P – participate. My involvement with soccer teams has increased this week, and it’s fun to enjoy the camaraderie we have on the sidelines. Our indoor seasons ended this week and it’s all outdoor from here – except that it snowed yesterday. I need to do more reading for book groups.
L – live ahead. The birthday party worked out in spite of some last minute stresses. I’m planning for Easter and spring break right now and hope it all goes smoothly. Most of the summer is planned and it’s nice to be working on that. I have a project I want to start in the basement but won’t have time until April. I need to be more diligent about my self-imposed deadlines in this area.
E – embrace technology. I feel like I’m moving forward here, getting better at using various tools together to organize life and be effective. I still have a list of specific items, though, and they need to be taken care of.
Simple. While it doesn’t feel simple, I realize that there are some ways in which we are carving out the simple life we crave for our family. I didn’t do anything fabulous, but I did do some small and simple things this week that I’m pleased with. I keep saying to myself, “just keep at it. Things will work out.”
Now for the family goals:
Q – quality of life factor. I had a major payday moment on Thursday evening. Lessons, games and a mandatory meeting kept me away from home for several hours on Thursday afternoon/evening and my kids were awesome. I left a package of fudge-dipped mint flavored Oreos on the kitchen counter and left a few specific instructions for my children to fulfill before opening them. They took care of each other, helped one another with homework, cleaned the kitchen and tidied the house, then cooked pizzas for dinner. I came home tired and worried to discover a clean house and happy children. It was one of the best gifts they’ve ever given me and I nearly cried for joy. I was so proud of my oldest son for being the leader and motivating with kindness and love. It was great. They’re learning.

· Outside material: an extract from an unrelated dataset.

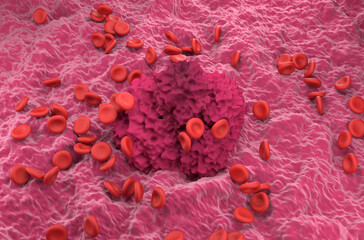 Fototapeta premium Red cells and fibrin coagulum - isometric view 3d illustration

U – urgency in important matters. This has been tough in the past couple of weeks with so many new events on the calendar. I’m not doing enough in this area.
A – aim higher. It was fun to register my son for his 11th grade classes this week, but very sobering. Is he really that old? The term just ended and I think we’re all happy to have a bit of a fresh start. We’re trying to be consistent in the areas that matter most.
L – laugh. When I laugh, the kids laugh. When I laugh, the whole family relaxes, especially the teenagers. There’s nothing like tricking a smile out of a stone-faced kid who’s determined not to show happiness of any kind. I was able to do that a few times and it is fun.
I – inuject the Spirit. We did this today. I need to do more of it every day.
T – take inventory. I didn’t spend any time on this goal.
Y – yes to youth. I’m still feeling happy with this. I think we’re on the right track.
Quality. I wish I’d done much better but am pleased with what was accomplished. I’m grateful for a new week and new opportunities to focus on my goals. Life is great!